INTERVIEWER 1: Now, did the store – what was the name of the store?
ML: Otis Market.
INTERVIEWER 1: And your grandmother ran it?
ML: Grandparents.
INTERVIEWER 1: Oh, both did.
ML: Yes.
INTERVIEWER 1: So your grandfather –
ML: Leon or Leo.
INTERVIEWER 1: Was he also working at Dodge while he was running the store?
ML: No, no. They did that full time. He would – they would make their own kielbasa and smoke it. There was a smoke house in the back.
INTERVIEWER 1: So he left Dodge?
ML: Yes, when they bought the store.
INTERVIEWER 1: Okay.
ML: My grandmother had eight children.
INTERVIEWER 1: Yes.
ML: Yes. My grandmother – I think she went to church every Friday morning. And she was, I think she thought of herself as like a counselor for the neighborhood. And the people would come in, the ladies, and tell her about their problems, and she would advise them and she felt like she was so important to the neighborhood.
INTERVIEWER 1: Like today’s hairdresser. Or bartender.
ML: Yes. [Laughter] Right.
INTERVIEWER 1: The psychiatrist or psychologist of the neighborhood. And she probably was. She was probably one of the most important people in the neighborhood.
ML: Yes. And like she would say to my uncle, “I’m not telling you what to do, I’m just advising.” So she would advise everyone. [Laughter] So she was a true matriarch of the family.
INTERVIEWER 1: Yes, she was really a matriarch of the family of the neighborhood, I’m sure. And to be that strong to have that many children and to have that business, too. I just marvel at what they did. I really marvel because you really had to have a shrewd mind to start up a business and to run a household.
ML: And then of course that was through the Depression.
INTERVIEWER 1: Exactly.
ML: And my mother, when she got married, there were 800 at her wedding because my grandparents had to invite anyone they had dealings with, you know, the baker and delivery people and what have you, and that was 1945. So it was during the War and everyone was so excited to come because it was the butcher’s daughter getting married and there was going to be meat. So that was a big wedding. But she always said her oldest and her youngest were going to have the biggest weddings. But they were all big.
INTERVIEWER 1: What do you mean it was the butcher’s daughter getting married?
ML: Well, you know, they had – that’s what they called my grandfather, the butcher because, of course, you would get your meat there.

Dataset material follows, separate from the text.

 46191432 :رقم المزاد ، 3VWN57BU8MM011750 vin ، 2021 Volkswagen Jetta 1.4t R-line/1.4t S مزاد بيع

And, of course, he would cut the meat.
INTERVIEWER 1: Yes. Now I want to get into a little bit about your mother and her siblings, the names and the dates of birth, or approximate dates of birth, if you remember. Who came first?
ML: My mother was the oldest, she was born in 1917, October 27, and her name was Helen.
INTERVIEWER 1: October 27, 1917.
ML: Adela. Oh, I think they were 18 months apart, I can’t remember. I don’t know the dates, of course, but they were about 18 months apart.
INTERVIEWER 1: Okay, about 18 months apart.
ML: Eugene. Carrie.
INTERVIEWER 1: C-A-R-R-I-E?
ML: Yes. Florence. Ray. Esther.
INTERVIEWER 1: E-S-T-H-E-R?
ML: Yes. Mary Ann.
INTERVIEWER 1: Is that two words?
ML: Two.
INTERVIEWER 1: M-A-R-Y A-N-N. And now did they all go to St. Hedwig?
ML: Yes.
INTERVIEWER 1: All through school and everything?
ML: I think Carrie and Florence graduated from high school. I think the rest went through eighth grade. The three youngest graduated from Cass Tech. I can imagine paying for Catholic school for all of those during the Depression.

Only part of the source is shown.